At first, I thought it was because so many people were using it that it that the costs for maintaining it became too high, but now it seems like not enough people were using it. Considering that Immersion used to be DuoLingo prime selling point, having 0.05% of your users using it bring financial ruin to your company seems odd.
Then again, I'm just bitter because I miss this feature too much. Right now I just hope something cool will replace it so that we can still practice reading skills.
He justified it in part based on their porting the entire site do a different software architecture to very significantly increase access speeds. Having to do all that coding work for the Immersion system would have added substantially to the costs in doing so. If Immersion had had a bigger user base, undoubtedly it wouldn't have gotten the axe. User engagement is web companies' currency. If Immersion had taken off, they never would have stopped developing it.
Unfortunately, people didn't realize what an amazing tool it was: I think even better for the languages that didn't have it than those that did. Finishing a Romance language tree, heading to Readlang and reading authentic texts is at least somewhat possible.

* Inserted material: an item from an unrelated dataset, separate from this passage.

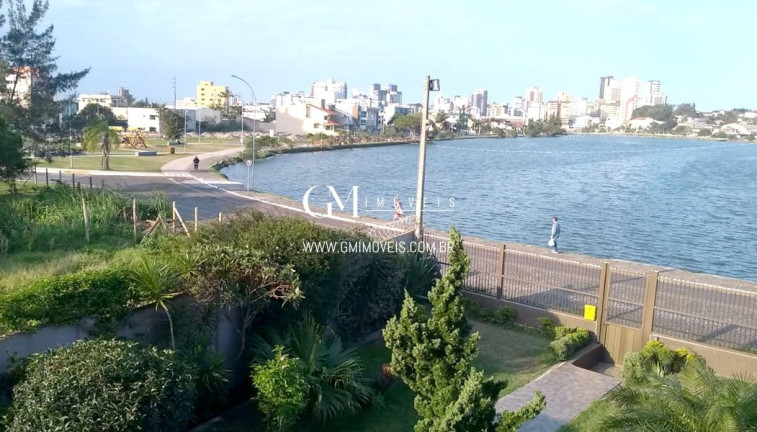 Imagem Casa com 3 Quartos à Venda, 243 m² em Centro - Torres Imagem Casa com 3 Quartos à Venda, 243 m² em Centro - Torres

For a Russian, a Hungarian, or a Hebrew more handholding is definitely needed. But I doubt the number of people who manage to finish such trees is enough to make much of a market :( Really, the problem is that I don't think the number of people who even make it to the second checkpoint of any tree at all constitute much of a market. Hence the introduction of features that are thoroughly dubious from the perspective of the experienced language learners that haunt the forums but that might increase retention among new sign-ups by a few percentage points.

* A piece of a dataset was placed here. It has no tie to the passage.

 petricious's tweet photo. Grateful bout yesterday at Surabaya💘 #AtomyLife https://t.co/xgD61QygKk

Justified or not, still a bad choice. To find another tool that let us learn deeper and with creativity all the subtilities of the language, I wish him good luck for that.
Except if they make a super reading comprehension tool (but the make-your-own-sentences part will be still missing).
I read they tested a lot of things on random users the last 2 years, and nothing was working, because they abandon everything except the clubs chatbots things, so I don't think they will arrive with a super tool that is not even created, if it happens, before 2 or 3 years.
I feel they don't tell us the truth. It's not about server ressources or the popularity of the tool, it's about the fact that immersion brough no money, and this site needs money to go on.
Obviously I, too, lament the departure of Immersion. I think one of Duo's big efforts is figuring out how to increase translations into target language while still maintaining users. I don't blame Duo for finding this a difficult balance. I blame the lackadaisical users who leave if they're challenged.
Audio is one of the big problems for small and endangered languages (scripts is the other one). Usually we cannot find a TTS engine for them (i.e. computer audio), so we have to manually record the voices, which requires quite a lot of effort.
We'll be working on 4-5 smaller languages this year, but there are over 6,000 languages in the world, so we won't have the resources to make a big dent any time soon.